## ACTIVITY:
Would you please restate all of the entries exactly, apart from the pictures?
PROVIDED INFORMATION START
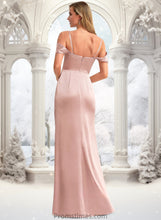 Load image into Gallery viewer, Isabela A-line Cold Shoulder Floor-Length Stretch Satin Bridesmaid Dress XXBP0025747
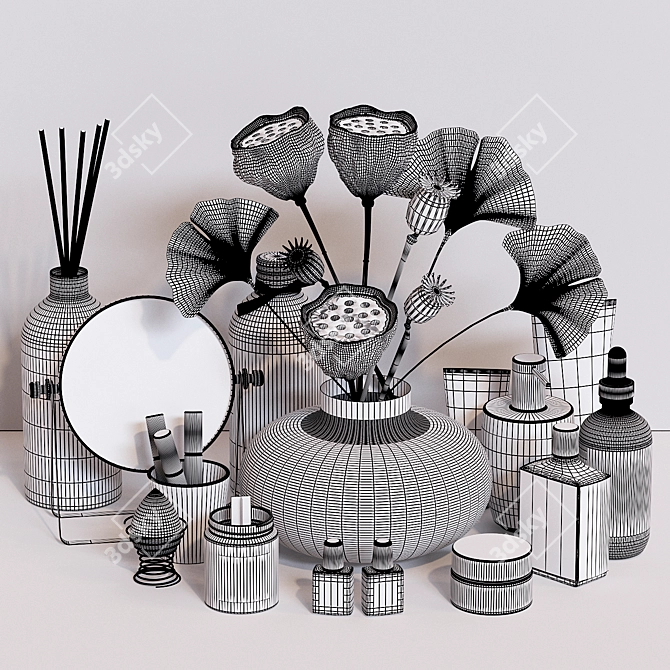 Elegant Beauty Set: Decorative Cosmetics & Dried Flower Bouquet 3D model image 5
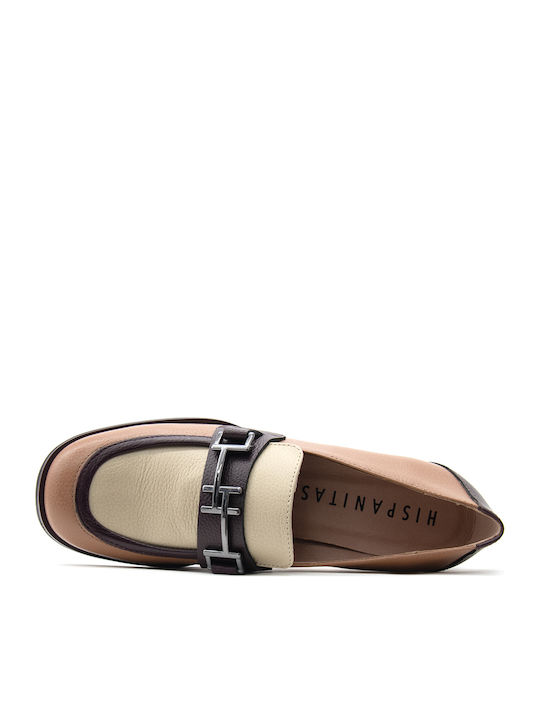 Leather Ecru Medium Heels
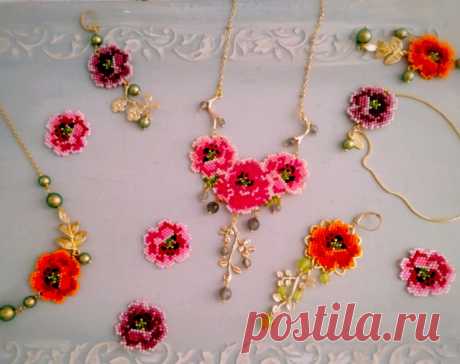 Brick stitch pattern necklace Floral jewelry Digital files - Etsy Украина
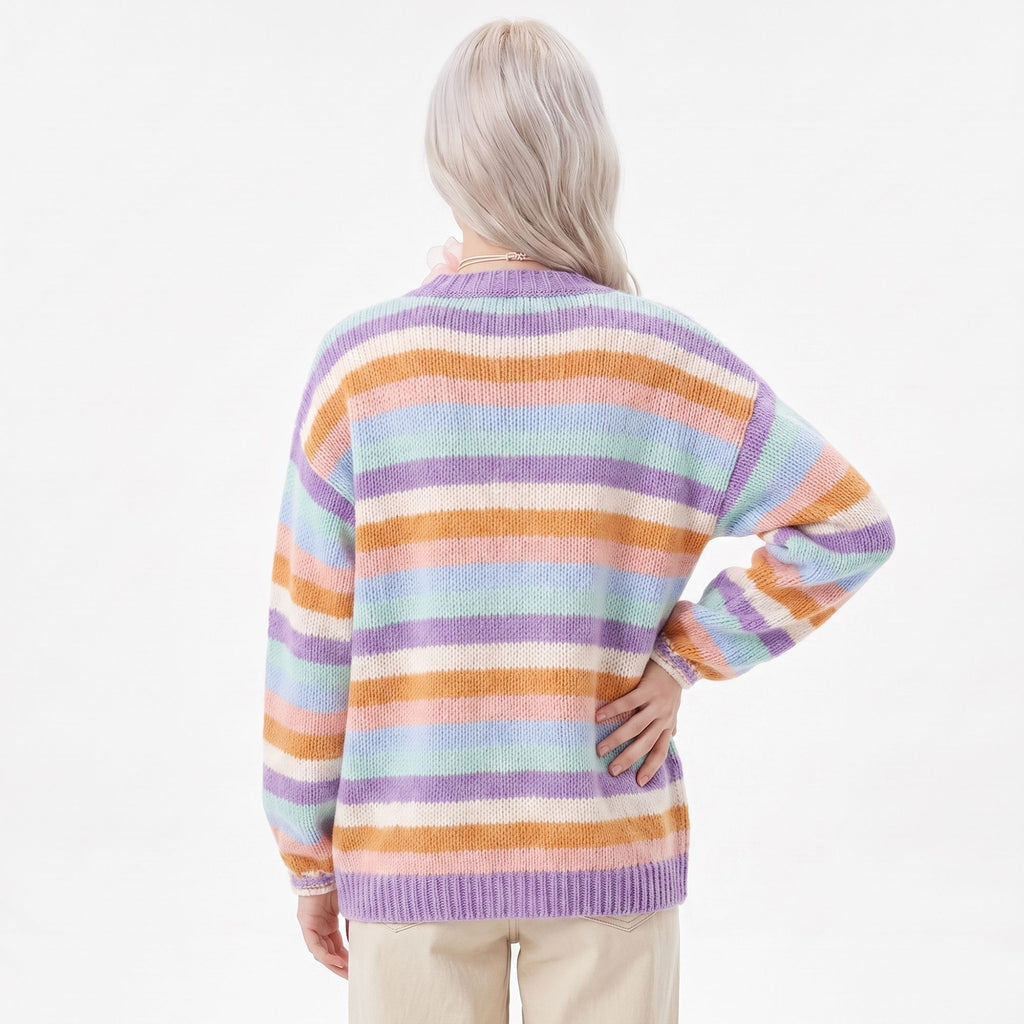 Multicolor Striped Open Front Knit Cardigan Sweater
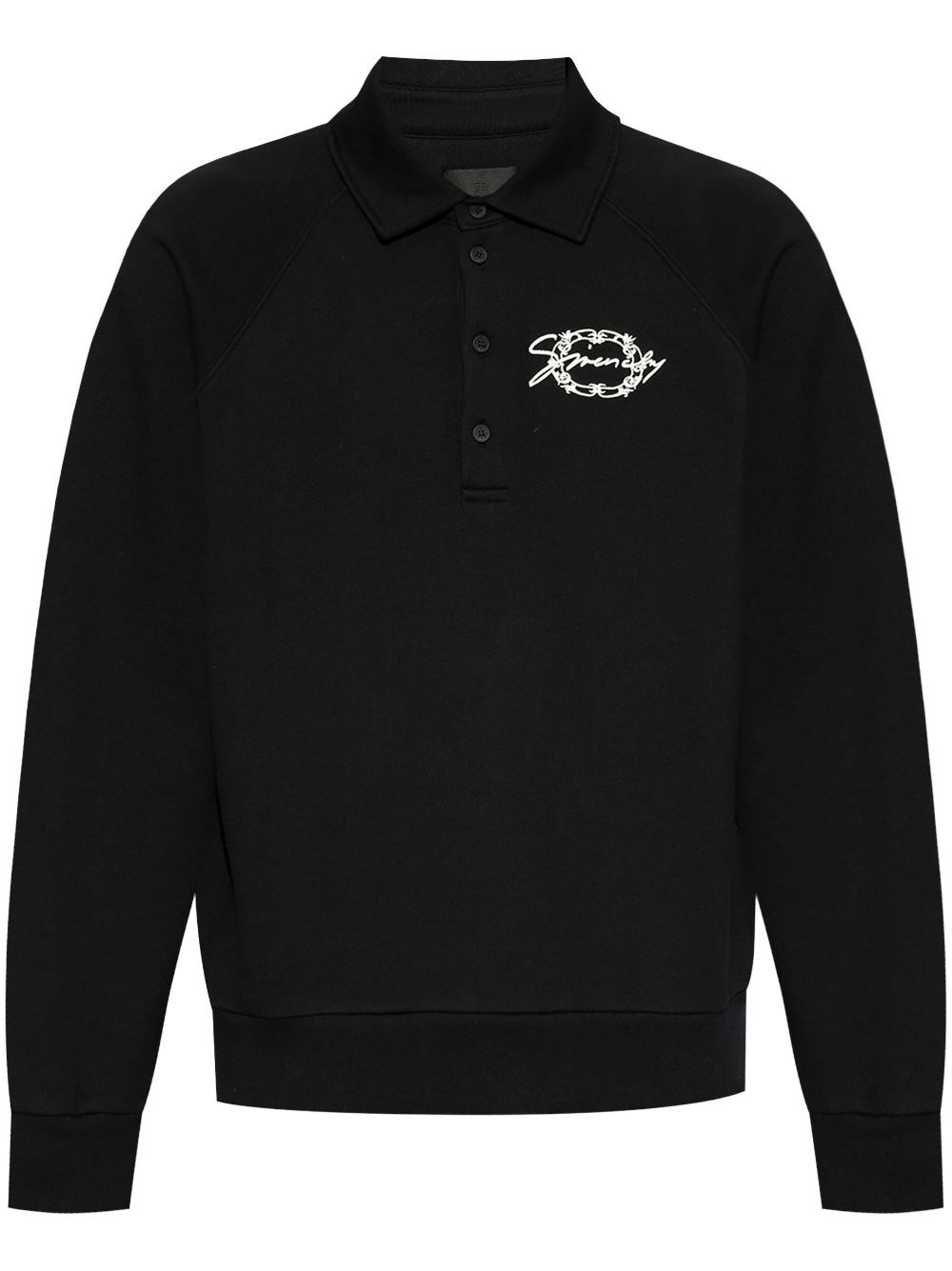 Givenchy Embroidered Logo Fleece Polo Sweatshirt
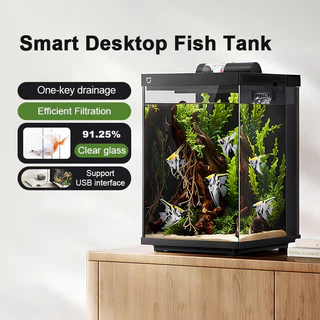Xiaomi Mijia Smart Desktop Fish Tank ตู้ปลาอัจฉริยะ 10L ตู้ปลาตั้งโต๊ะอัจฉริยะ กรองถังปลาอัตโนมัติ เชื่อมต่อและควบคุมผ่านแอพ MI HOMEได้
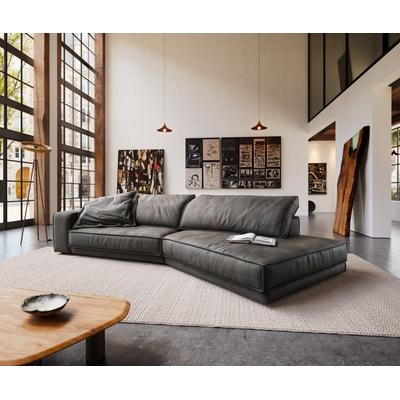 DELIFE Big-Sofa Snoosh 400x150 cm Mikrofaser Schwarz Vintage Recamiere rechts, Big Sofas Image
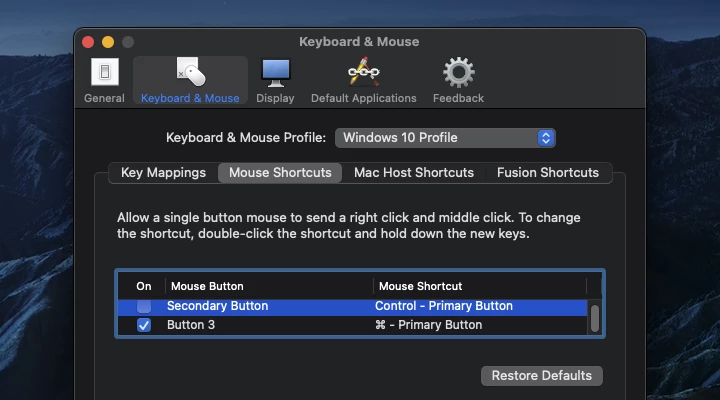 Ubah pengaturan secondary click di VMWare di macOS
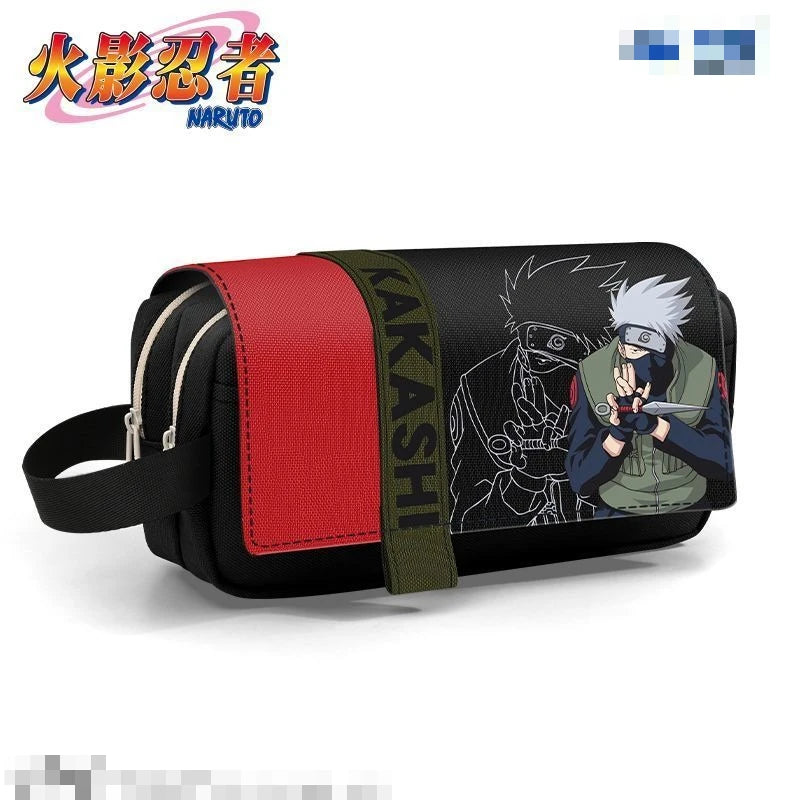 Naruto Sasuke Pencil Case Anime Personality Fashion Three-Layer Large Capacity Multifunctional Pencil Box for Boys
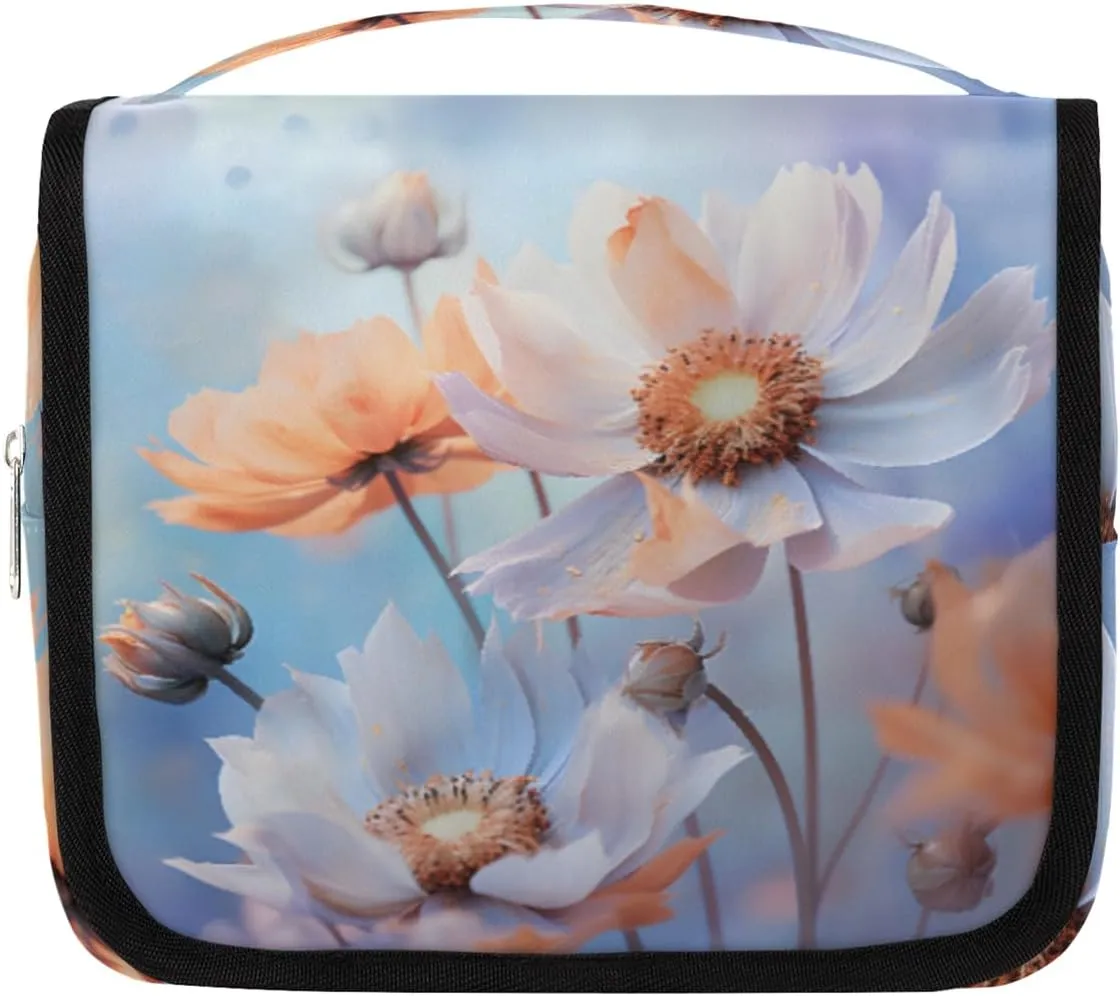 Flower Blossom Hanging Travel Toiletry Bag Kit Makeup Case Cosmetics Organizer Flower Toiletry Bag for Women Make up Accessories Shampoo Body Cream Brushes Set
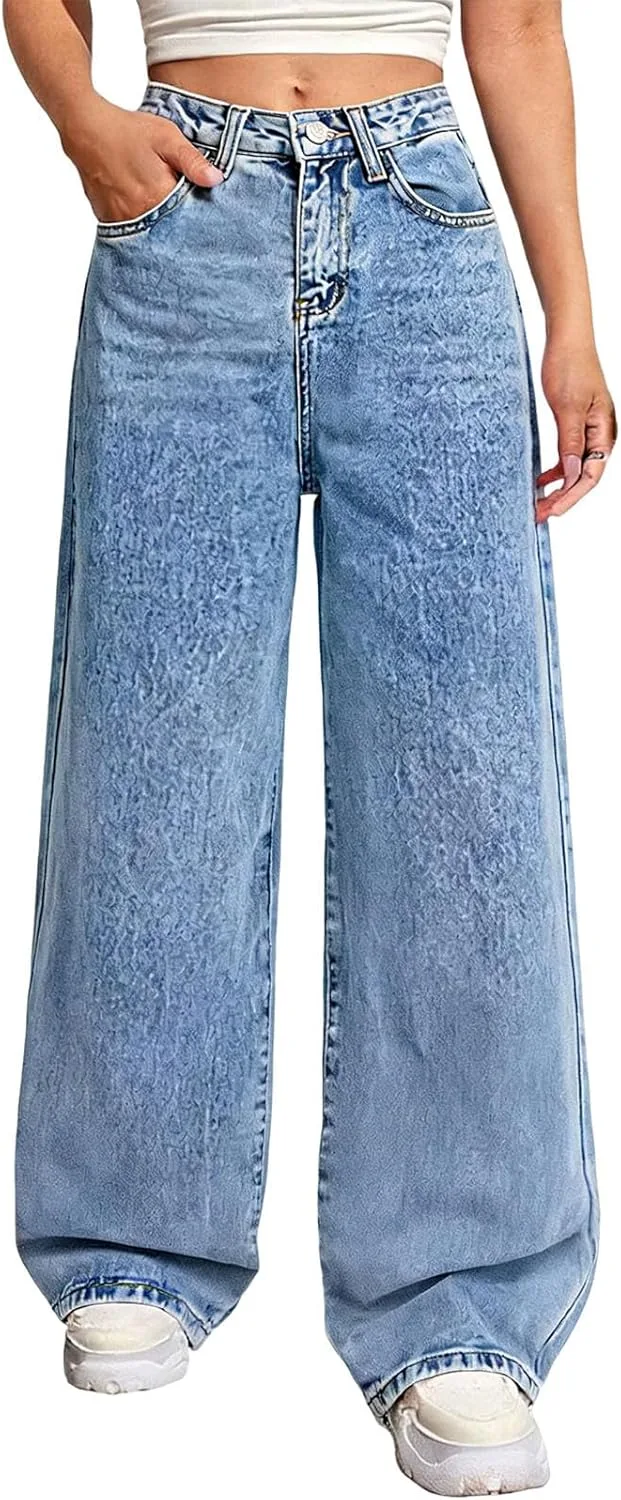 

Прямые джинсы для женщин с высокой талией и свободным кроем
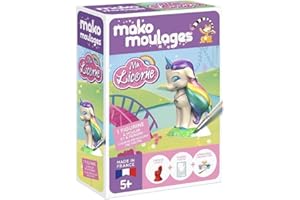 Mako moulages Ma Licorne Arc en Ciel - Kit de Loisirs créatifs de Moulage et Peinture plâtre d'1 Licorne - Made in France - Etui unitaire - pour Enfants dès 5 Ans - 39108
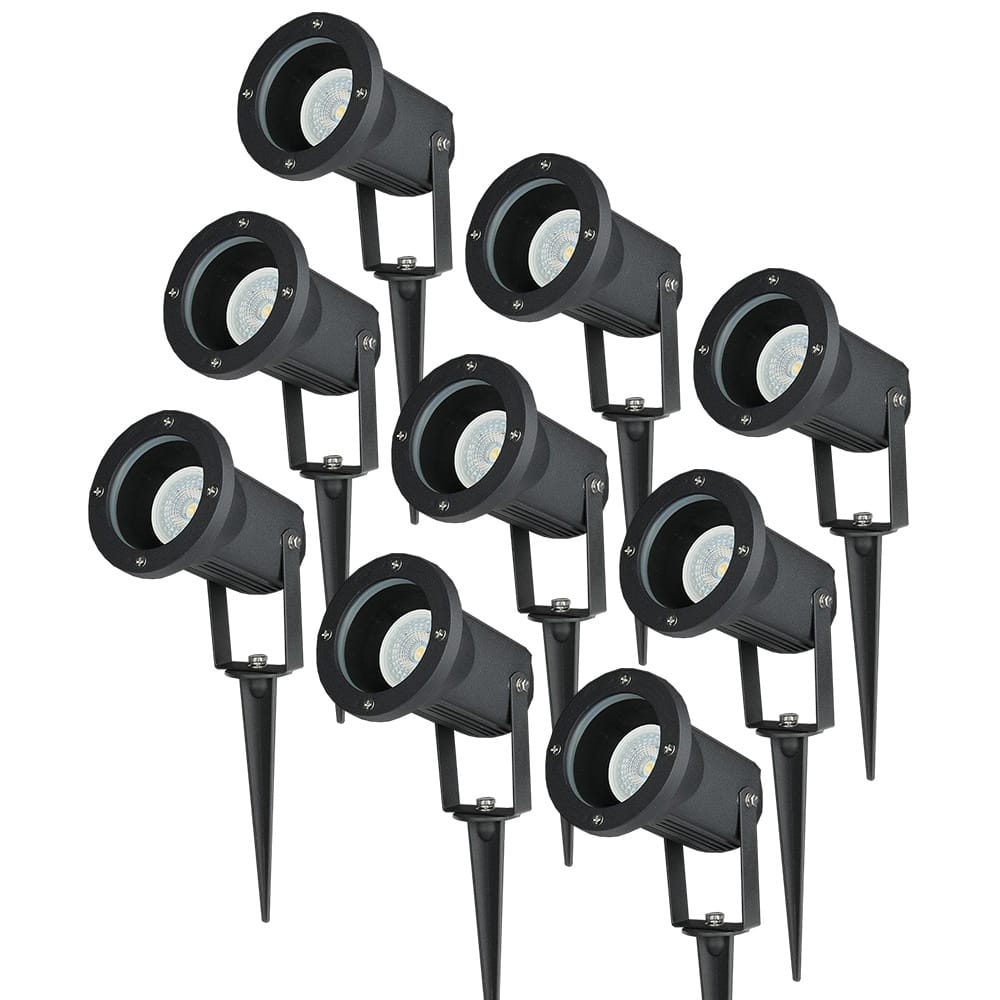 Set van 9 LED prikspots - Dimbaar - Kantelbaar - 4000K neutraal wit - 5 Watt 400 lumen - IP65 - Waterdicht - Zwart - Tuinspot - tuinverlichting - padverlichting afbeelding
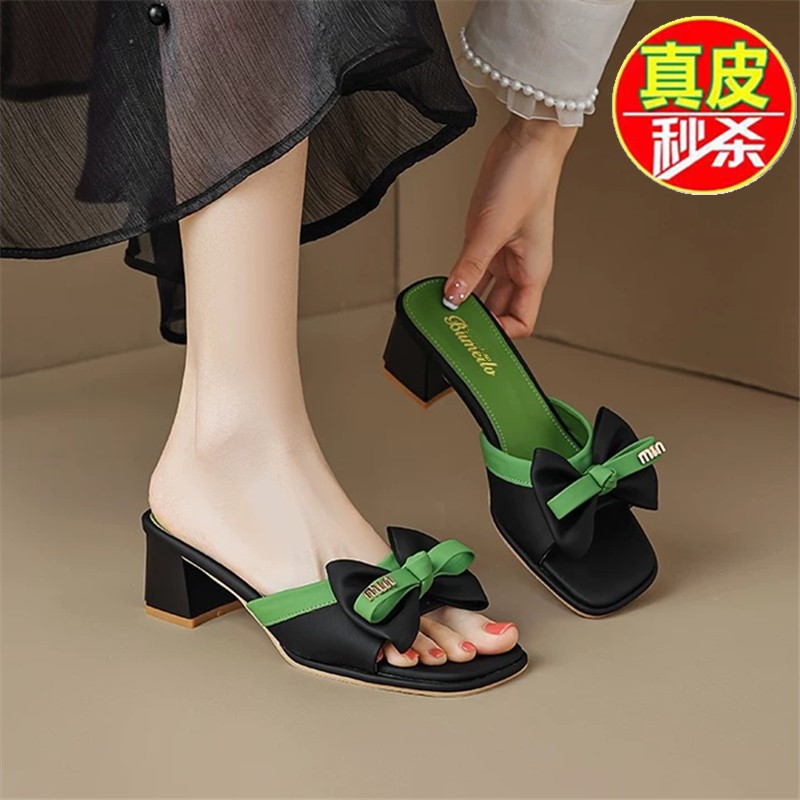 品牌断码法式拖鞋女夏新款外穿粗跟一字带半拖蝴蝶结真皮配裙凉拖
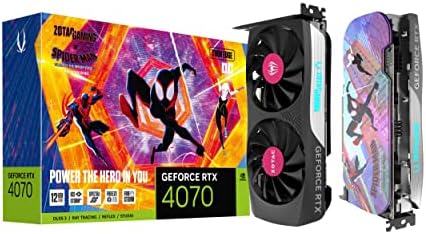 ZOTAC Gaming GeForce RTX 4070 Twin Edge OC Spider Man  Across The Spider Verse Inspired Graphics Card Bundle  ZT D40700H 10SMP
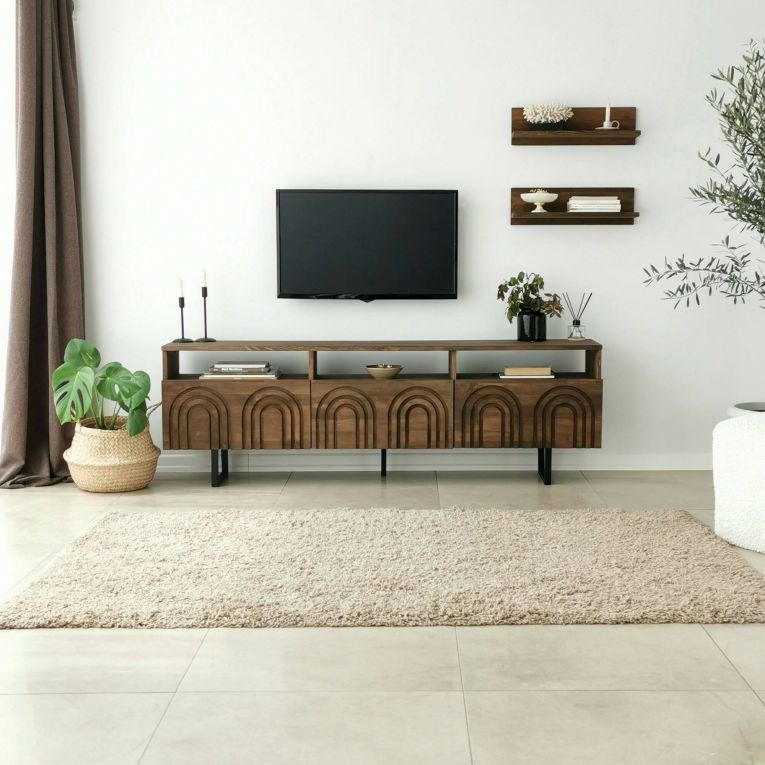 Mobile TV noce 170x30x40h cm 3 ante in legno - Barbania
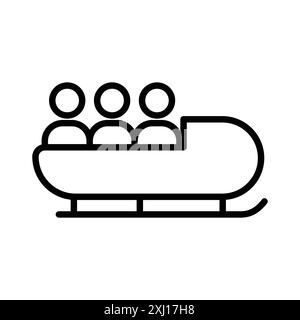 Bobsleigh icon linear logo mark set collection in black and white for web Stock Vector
PROVIDED INFORMATION END
## EXERCISE ANSWER:
 Load image into Gallery viewer, Isabela A-line Cold Shoulder Floor-Length Stretch Satin Bridesmaid Dress XXBP0025747
 Elegant Beauty Set: Decorative Cosmetics & Dried Flower Bouquet 3D model image 5
 Leather Ecru Medium Heels
 Brick stitch pattern necklace Floral jewelry Digital files - Etsy Украина
 Multicolor Striped Open Front Knit Cardigan Sweater
 Givenchy Embroidered Logo Fleece Polo Sweatshirt
Xiaomi Mijia Smart Desktop Fish Tank ตู้ปลาอัจฉริยะ 10L ตู้ปลาตั้งโต๊ะอัจฉริยะ กรองถังปลาอัตโนมัติ เชื่อมต่อและควบคุมผ่านแอพ MI HOMEได้
 DELIFE Big-Sofa Snoosh 400x150 cm Mikrofaser Schwarz Vintage Recamiere rechts, Big Sofas Image
 Ubah pengaturan secondary click di VMWare di macOS
 Naruto Sasuke Pencil Case Anime Personality Fashion Three-Layer Large Capacity Multifunctional Pencil Box for Boys
 Flower Blossom Hanging Travel Toiletry Bag Kit Makeup Case Cosmetics Organizer Flower Toiletry Bag for Women Make up Accessories Shampoo Body Cream Brushes Set

Прямые джинсы для женщин с высокой талией и свободным кроем
 Mako moulages Ma Licorne Arc en Ciel - Kit de Loisirs créatifs de Moulage et Peinture plâtre d'1 Licorne - Made in France - Etui unitaire - pour Enfants dès 5 Ans - 39108
 Set van 9 LED prikspots - Dimbaar - Kantelbaar - 4000K neutraal wit - 5 Watt 400 lumen - IP65 - Waterdicht - Zwart - Tuinspot - tuinverlichting - padverlichting afbeelding
 品牌断码法式拖鞋女夏新款外穿粗跟一字带半拖蝴蝶结真皮配裙凉拖
 ZOTAC Gaming GeForce RTX 4070 Twin Edge OC Spider Man  Across The Spider Verse Inspired Graphics Card Bundle  ZT D40700H 10SMP
 Mobile TV noce 170x30x40h cm 3 ante in legno - Barbania
 Bobsleigh icon linear logo mark set collection in black and white for web Stock Vector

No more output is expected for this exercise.